Repeat exactly, and only, the lines of the entries below from the one with "Mulher com casaco" through the one with "Cute rings (set", both ends included.

Records to process →
====

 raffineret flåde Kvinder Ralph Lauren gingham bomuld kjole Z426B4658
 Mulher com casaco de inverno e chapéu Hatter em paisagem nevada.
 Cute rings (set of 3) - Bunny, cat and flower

====

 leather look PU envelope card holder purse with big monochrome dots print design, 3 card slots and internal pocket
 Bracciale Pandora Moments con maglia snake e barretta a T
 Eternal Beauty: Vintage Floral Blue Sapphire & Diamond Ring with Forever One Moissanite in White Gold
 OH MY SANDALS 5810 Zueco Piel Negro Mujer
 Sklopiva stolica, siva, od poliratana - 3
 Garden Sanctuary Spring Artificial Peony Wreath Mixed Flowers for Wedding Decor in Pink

====

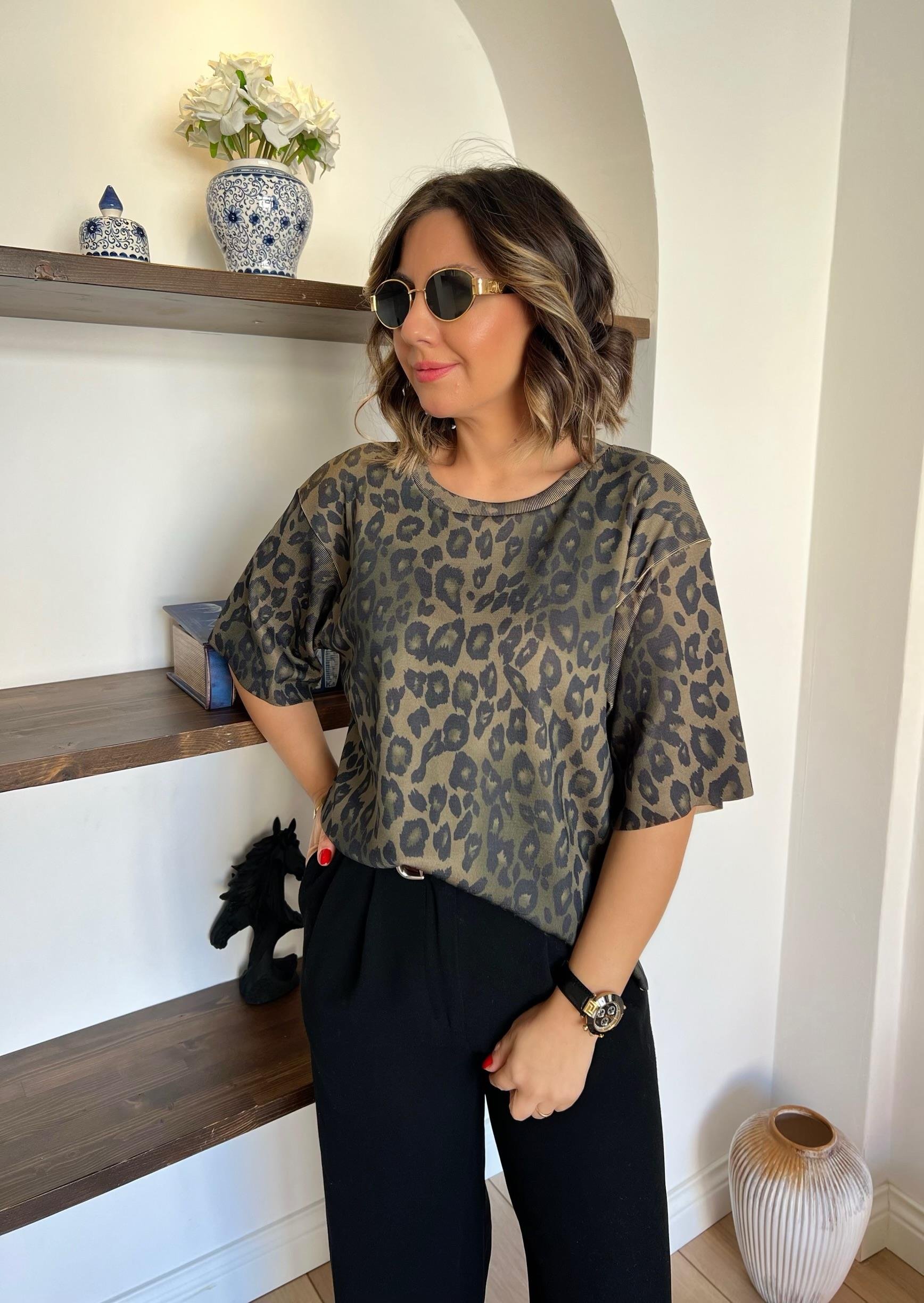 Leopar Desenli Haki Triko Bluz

====

Task response →
 Mulher com casaco de inverno e chapéu Hatter em paisagem nevada.
 Cute rings (set of 3) - Bunny, cat and flower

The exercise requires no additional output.